02 December 2020 ... min. read Listen
Manuela Haberkorn: “What you see on one screen, I see on two.”

Don’t be shy. Ask me anything.

It’s important to include everyone, with all their rough edges. Every person is unique.

I’ve been working at ING in Nürnberg since 2007. Customers call with their questions and problems and I try to help them as best I can. I handle questions about basic products like savings and current accounts.

What I really like about my job is dealing with so many different types of personalities on the phone. When a customer wants to share an opinion, a complaint or experience I let them do all the talking first. I want to give them the feeling that someone really listens.

I’m completely blind in one eye and have 10% residual vision in the other eye. I can see the outlines of things, so I’ll know whether a person is in front of me or not. Close enough, I can recognise specific people.

I’ve been visually impaired since birth. I had kind of a rough start in my life. When I was three, I was placed with a foster family that had five children. It was wonderful growing up with them.   

The magnifying mouse

In the past, visually impaired people like myself needed expensive, specialised magnification software to work on a computer. Since Windows 7, the magnification software is automatically integrated into the software. There are no licenses anymore.

With my mouse I select what I want to read, and then it’s magnified on my screen. What you see on one screen, I see on two. If I need more time to figure things out, I’ll put the customer on hold. Customers don’t even notice that I have any impairment.

Despite corona, I still come to work each day. I need around 20 minutes to get to the office in Südwestpark, Nürnberg. I use public transportation – first the tram, then the subway and bus. I like to be at work by 6:30 each morning because there are fewer people on the go, so fewer obstacles. That makes it easier for me to navigate my way around with my white cane. 

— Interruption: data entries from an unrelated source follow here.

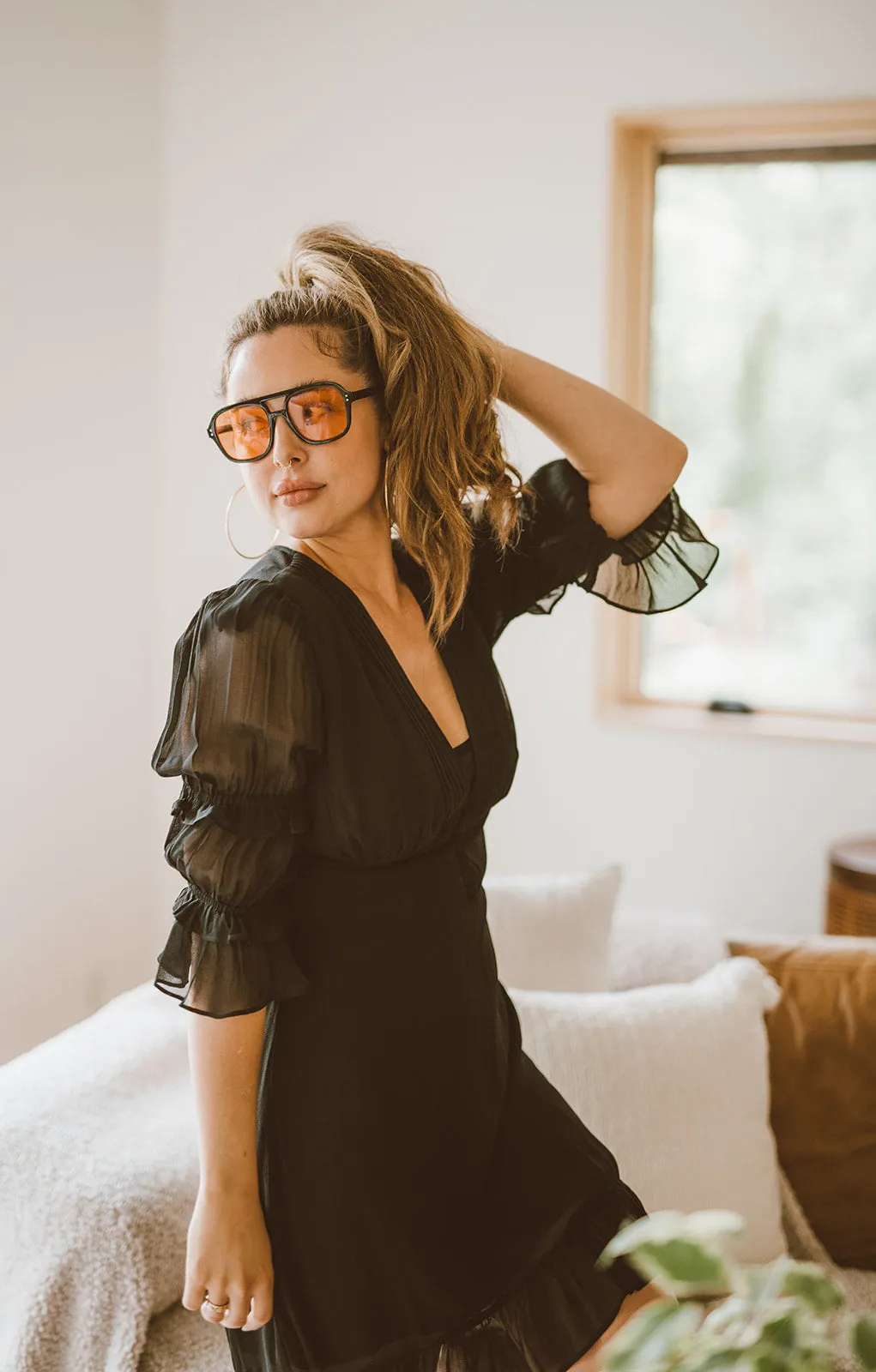 Ruffle Mini Dress | Black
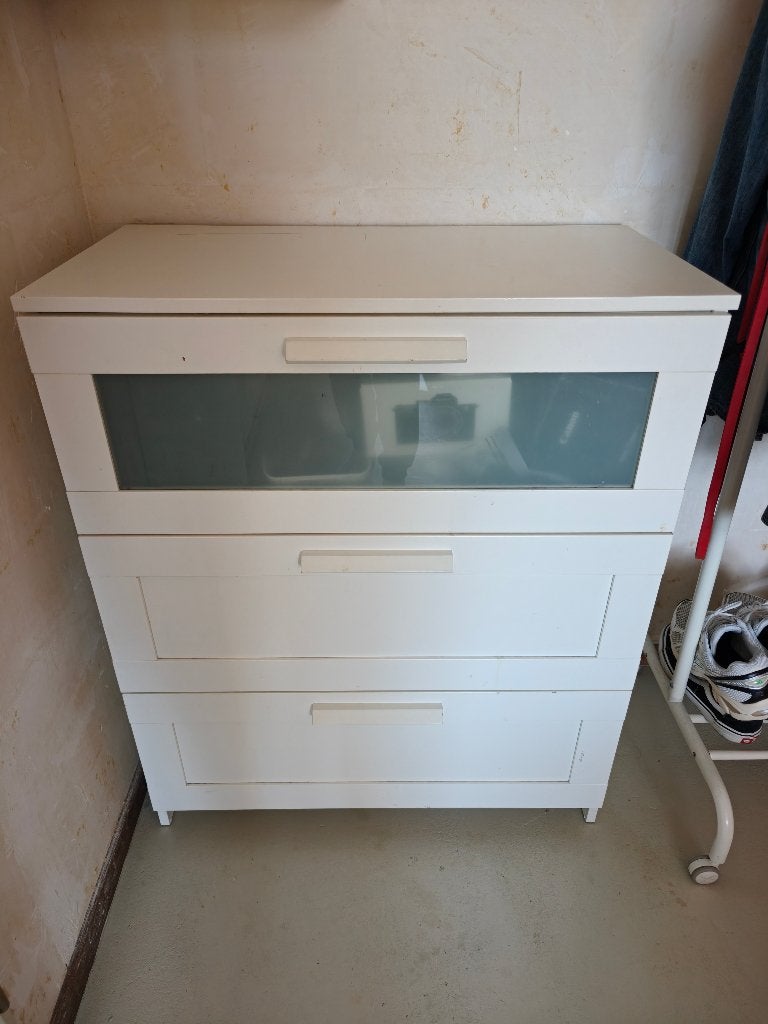 IKEA BRIMNES ladekast 3 lades wit met glas, Huis en Inrichting, Kasten | Ladekasten, Zo goed als nieuw, Minder dan 100 cm, 50 tot 100 cm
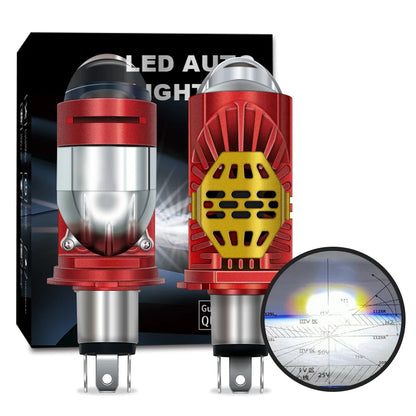 Stella Bi LED Lens Projector H4 Mini Bulb 14000LM Headlight White Light 1 Piece Yellow Bulb H4 LHD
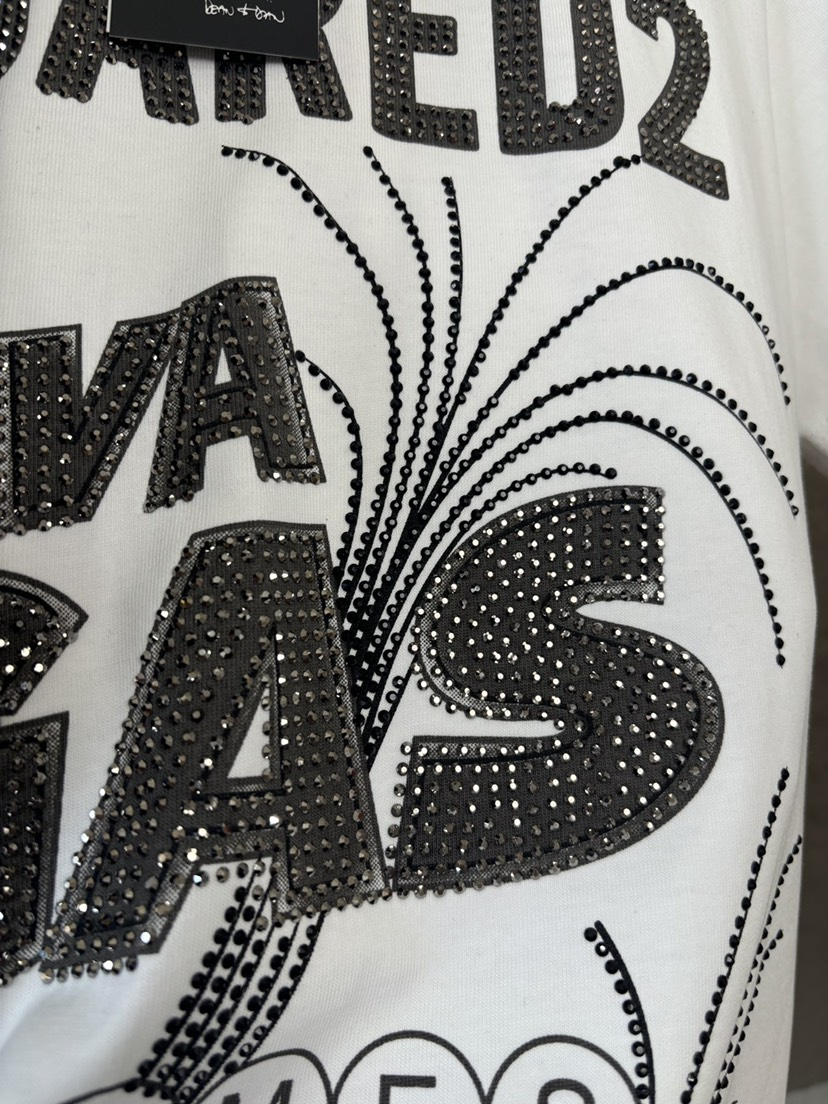 DSQUARED2 Viva Vegas Rhinestone Logo Short-Sleeve T-Shirt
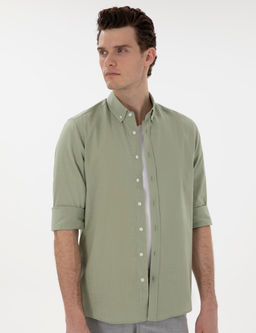 _a_la Slim Fit Keten G_r_n_ml_ G_mlek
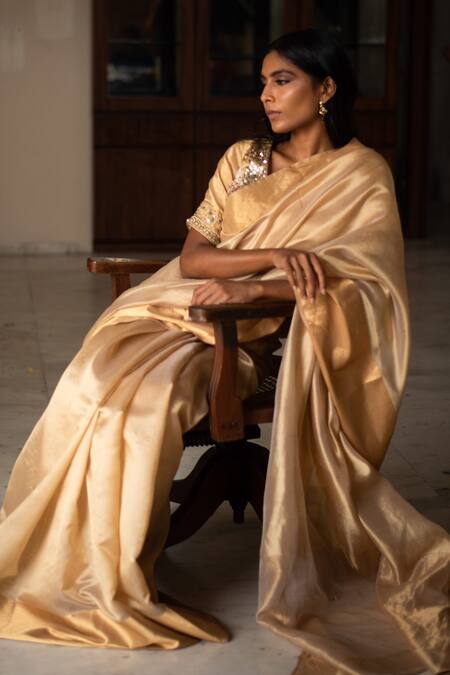 Buy_Priyanka Raajiv_Beige Silk Chanderi Thread Saree_Online_at_Aza_Fashions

Social distancing is possible for me to do. In a public setting, I’ll request out loud, if necessary, that people keep their distance from me. In situations where I need other people’s help, for example to cross the street or to get down a flight of stairs, I’ll ask them to pull out the Thera-Band [a stretchable exercise band] that’s wrapped around my arm. The band is around 1.5 meters long, so it creates sufficient distance between me and the other person.  

A helping hand

There are employees at our office whose job is to support disabled employees like myself, and I really appreciate that. Anja Fischer is the representative for employees with disabilities in Nürnberg. It’s very helpful to be able to contact Anja about certain practical things or aids that can help me work more efficiently.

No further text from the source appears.